How Brazil’s iGaming Will Look Like in 2026
By 2026, Brazil’s iGaming market will be virtually unrecognizable from what it was a few years ago. Suspending municipal lotteries will not make as much of an impact on the scene as what else the SPA has been up to, with heightened taxation, greater KYC and responsible gambling limits, limited payment options and a new minimum legal age for gambling, among countless other new laws. Everything is converging toward a fully unified licensing system, rather than having local Jogo do Bicho or municipal gambling sites that could potentially use the fragmented state laws to offer something different.
However constraining the laws may be on operators, Brazil is still a tremendous up and coming market, and so it won’t lead to a smaller field of brands. However, to meet the compliance costs and demands, operators may have to cut back on the quality of their products. Whether it is by cutting back on bonuses, increasing sportsbook juice, or just choosing online casino games that are cheaper to run – there will most likely be a few pinches in the near future.

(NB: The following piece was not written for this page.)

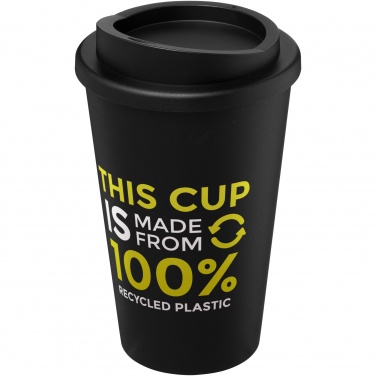 Logotrade presentreklam bild: Americano® 350 ml återvunnen termosmugg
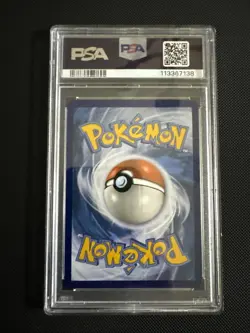2018 POKEMON SM BLACK STAR PROMO #SM156 FULL ART/DRAGONITE GX PSA 10 - Image 2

From a player’s perspective, there are lots of new variables to factor in. The limited payment options, taxation on higher winnings, enforced spending limits and tightened KYC may turn some off, and even if those don’t, the offering of licensed sites may fall short of what Brazilian gamers have been accustomed to up until 2025. With Brazil becoming one of the most structured, tightly regulated, and closely monitored gambling markets in the world, time will tell whether the reforms succeed or whether Brazil will need to continue tweaking laws to stop losing gamers to the unregulated channels.